__WHAT THE EXERCISE ASKS__: The pictures in the listing below are to be skipped, while the lines between the line holding "Renault Scenic 1,9dci 102cv foto 4" and the line holding "100 Inn Liangpin", inclusive, are to be output exactly.

__RAW DATA__:

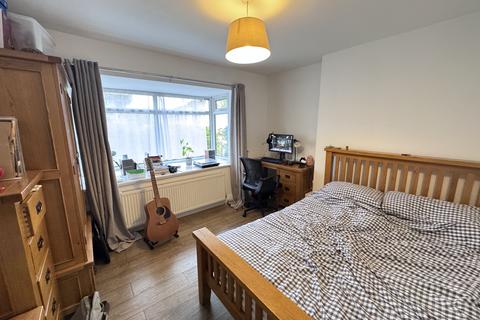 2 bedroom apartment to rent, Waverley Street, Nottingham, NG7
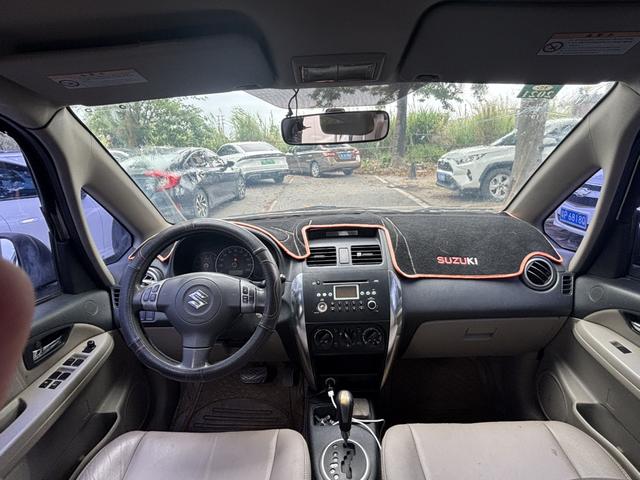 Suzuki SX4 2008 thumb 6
* * *
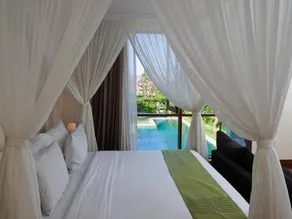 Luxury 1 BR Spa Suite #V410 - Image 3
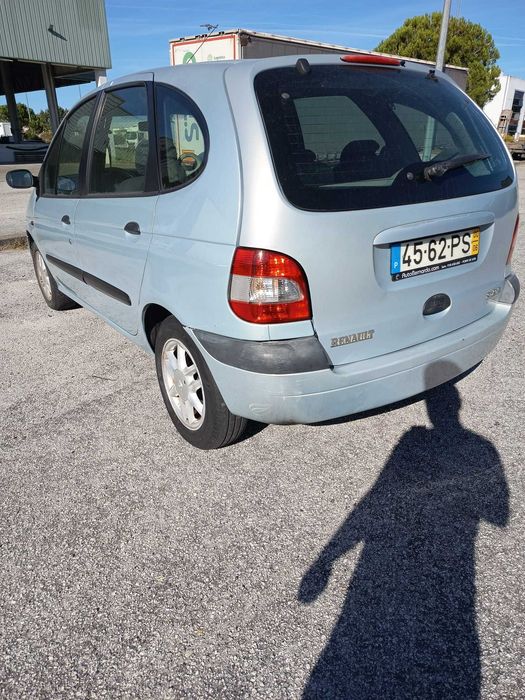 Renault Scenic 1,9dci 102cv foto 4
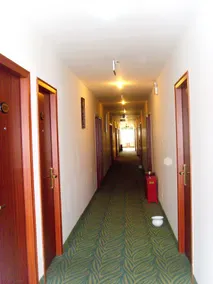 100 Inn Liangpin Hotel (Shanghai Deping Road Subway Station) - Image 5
==
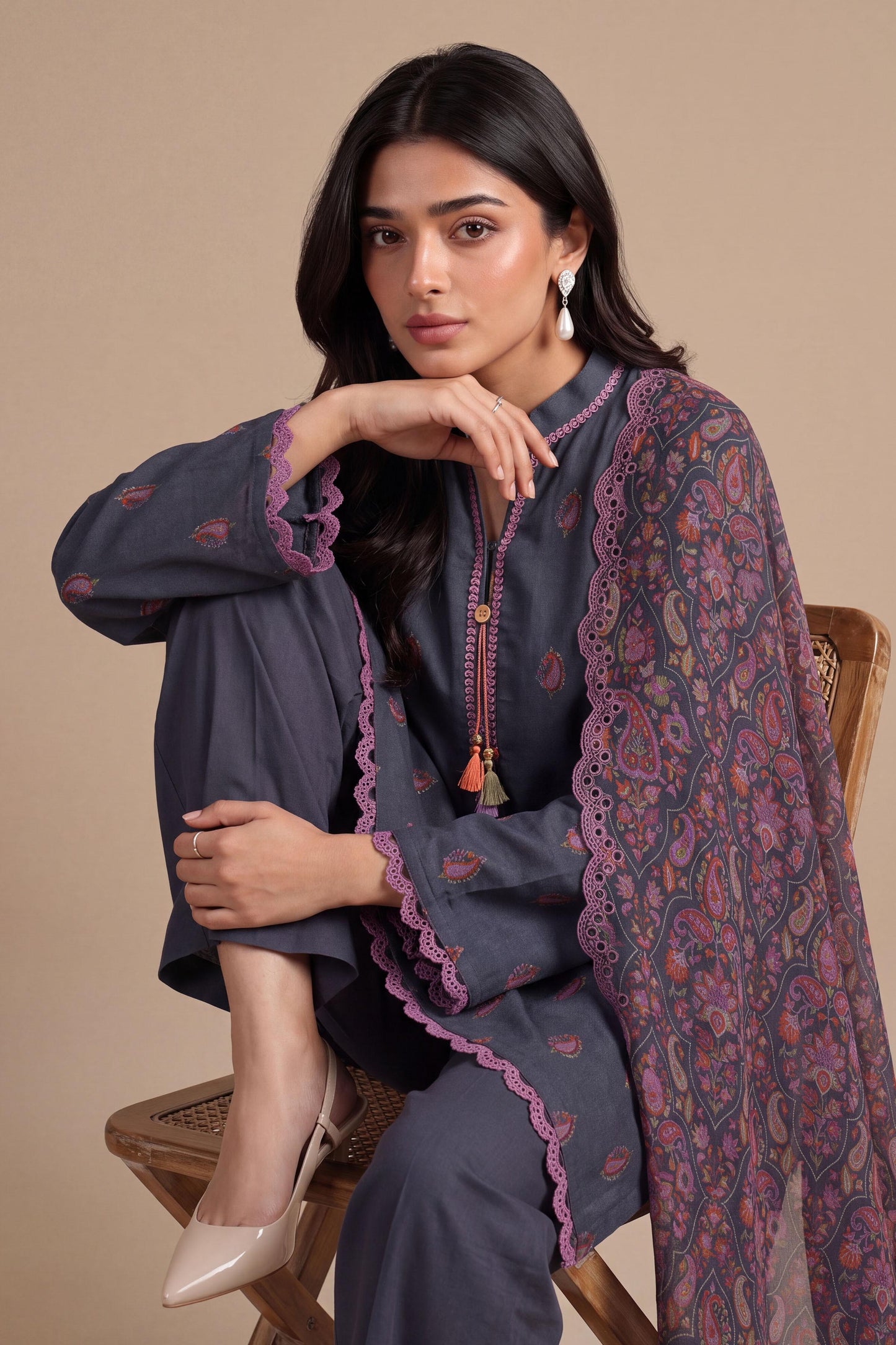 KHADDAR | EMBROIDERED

__REPLY__:
 Renault Scenic 1,9dci 102cv foto 4
 100 Inn Liangpin Hotel (Shanghai Deping Road Subway Station) - Image 5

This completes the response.